Mit Hilfe eines injizierbaren Nanomaterials, das im Körper aushärtet, soll die Behandlung von Knochenbrüchen vereinfacht und beschleunigt werden.

In Pocket speichern vorlesen Druckansicht 4 Kommentare lesen
Lesezeit: 3 Min.
Von
  • Karen Weintraub

Mit Hilfe eines injizierbaren Nanomaterials, das im Körper aushärtet, soll die Behandlung von Knochenbrüchen vereinfacht und beschleunigt werden.
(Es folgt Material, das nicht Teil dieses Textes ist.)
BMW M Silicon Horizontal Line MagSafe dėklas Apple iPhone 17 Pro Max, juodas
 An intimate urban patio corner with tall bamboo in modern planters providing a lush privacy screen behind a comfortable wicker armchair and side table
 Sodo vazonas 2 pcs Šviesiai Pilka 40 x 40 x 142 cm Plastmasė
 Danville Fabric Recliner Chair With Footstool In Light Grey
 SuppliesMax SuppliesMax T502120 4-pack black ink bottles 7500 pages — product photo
Bei aller medizinischen Kunst ist ein Knochenbruch nach wie vor eine langwierige Verletzung, die manchmal sogar einen chirurgischen Eingriff erfordert. Mit einer Spritze und einigen Tagen Ruhe ist es da – bislang - nicht getan. Wenn es nach Thomas Webster geht, klappt das in Zukunft aber vielleicht doch noch: Der Medizintechniker von der Brown University hat ein Nanomaterial entwickelt, das bei Körpertemperatur rasch zu einer knochenähnlichen Substanz aushärtet.

Hauptbestandteil sind dieselben Nukleinbasen, die in dem langen, verdrillten DNA-Molekül die Sprossen bilden. Jedes dieser Moleküle könne sich über zwei kovalente Bindungen mit anderen verbinden, so dass eine Röhre entstehe, erläutert Webster. Er bezeichnet das Material deshalb als „Zwillingsbasen-Binder“ („twin-base linker“).

„Dieser Binder baut sich von selbst zu einer Nanostruktur zusammen“, sagt Webster. „Man kann es so optimieren, dass es genau die mechanischen Eigenschaften des Gewebes hat, in das man es injizieren will.“ Gemeinsam mit der Medizintechnikfirma Audax Medical will Webster das künstliche Knochengewebe weiterentwickeln und in ersten Tierversuchen testen. Audax plant bereits, das Material unter dem Namen „Arxis“ zu vermarkten.

Kevin Shakesheff, der an der University of Nottingham ebenfalls an künstlichem Gewebe forscht, findet Websters Arbeit zwar beeindruckend. Der müsse aber noch zeigen, ob die Substanz dieselbe mechanische Belastbarkeit wie Knochen habe. Sie zu erreichen, sei die große Schwierigkeit. „Wenn man auf unser Material Druck ausübt, ist es so hart wie Knochen“, sagt Shakesheff. „Wenn Sie aber versuchen, es zu biegen, ist es noch nicht annähernd so fest.“

Webster ist jedoch zuversichtlich, diese Hürde zu nehmen. Das Material werde nach ein paar Minuten im Körper so aushärten, dass es derartigen Belastungen standhalten kann, sagt der Ingenieur. Bislang hat er seinen Zwillingsbasen-Binder jedoch nur im Labor getestet.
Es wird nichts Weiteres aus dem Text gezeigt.